- ABOUT THIS TASK
Line by line, transcribe all of the entries exactly.

Collection entries:

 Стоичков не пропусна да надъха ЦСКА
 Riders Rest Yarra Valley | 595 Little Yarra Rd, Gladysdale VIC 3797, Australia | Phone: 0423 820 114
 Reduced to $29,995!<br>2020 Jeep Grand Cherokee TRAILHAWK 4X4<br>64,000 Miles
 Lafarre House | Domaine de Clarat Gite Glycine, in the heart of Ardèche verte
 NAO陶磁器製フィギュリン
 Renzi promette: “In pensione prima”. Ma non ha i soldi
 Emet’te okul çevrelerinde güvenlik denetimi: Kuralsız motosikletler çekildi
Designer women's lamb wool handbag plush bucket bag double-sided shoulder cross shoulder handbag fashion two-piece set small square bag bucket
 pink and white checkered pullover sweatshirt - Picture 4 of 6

- ANSWER SECTION
 Стоичков не пропусна да надъха ЦСКА
 Riders Rest Yarra Valley | 595 Little Yarra Rd, Gladysdale VIC 3797, Australia | Phone: 0423 820 114
 Reduced to $29,995!<br>2020 Jeep Grand Cherokee TRAILHAWK 4X4<br>64,000 Miles
 Lafarre House | Domaine de Clarat Gite Glycine, in the heart of Ardèche verte
 NAO陶磁器製フィギュリン
 Renzi promette: “In pensione prima”. Ma non ha i soldi
 Emet’te okul çevrelerinde güvenlik denetimi: Kuralsız motosikletler çekildi
Designer women's lamb wool handbag plush bucket bag double-sided shoulder cross shoulder handbag fashion two-piece set small square bag bucket
 pink and white checkered pullover sweatshirt - Picture 4 of 6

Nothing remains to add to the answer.